■ Your objective ■
Please set out each line below exactly as it stands, without the images.

■ Data section ■
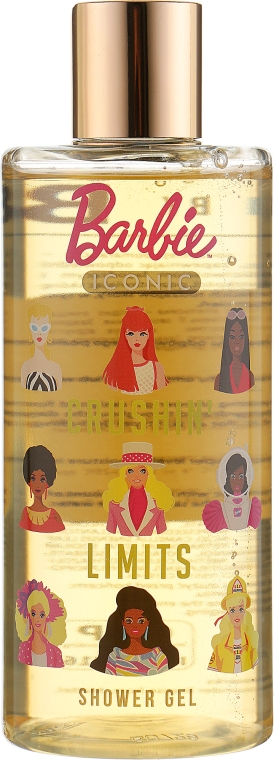Гель для душу дитячий "Crushin' Limits" - Bi-Es Barbie Iconic Shower Gel — фото N1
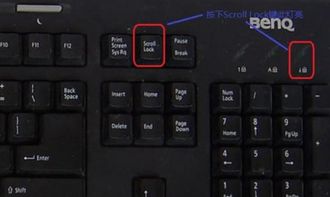 键盘上的Scroll Lock是什么意思呢 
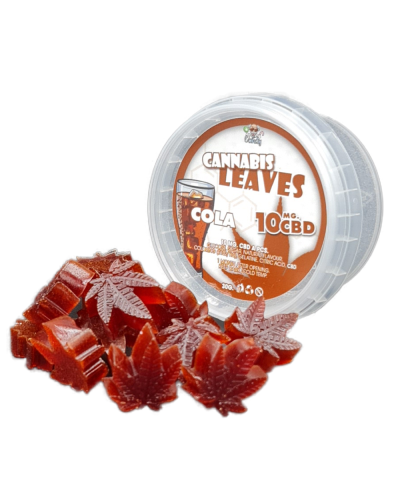 CBD Cannabis Leaves • Cola • 10mg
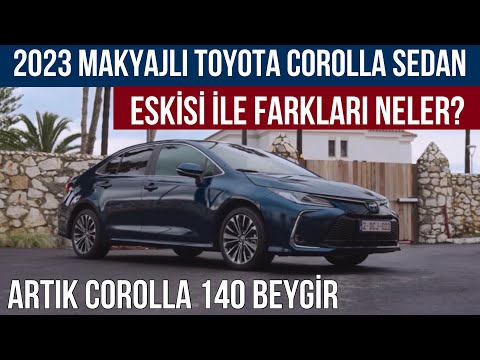 Makyajlı Toyota Corolla | Eskisi ile Farkları Neler?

■ Answer to this problem ■
Гель для душу дитячий "Crushin' Limits" - Bi-Es Barbie Iconic Shower Gel — фото N1
 键盘上的Scroll Lock是什么意思呢 
 CBD Cannabis Leaves • Cola • 10mg
 Makyajlı Toyota Corolla | Eskisi ile Farkları Neler?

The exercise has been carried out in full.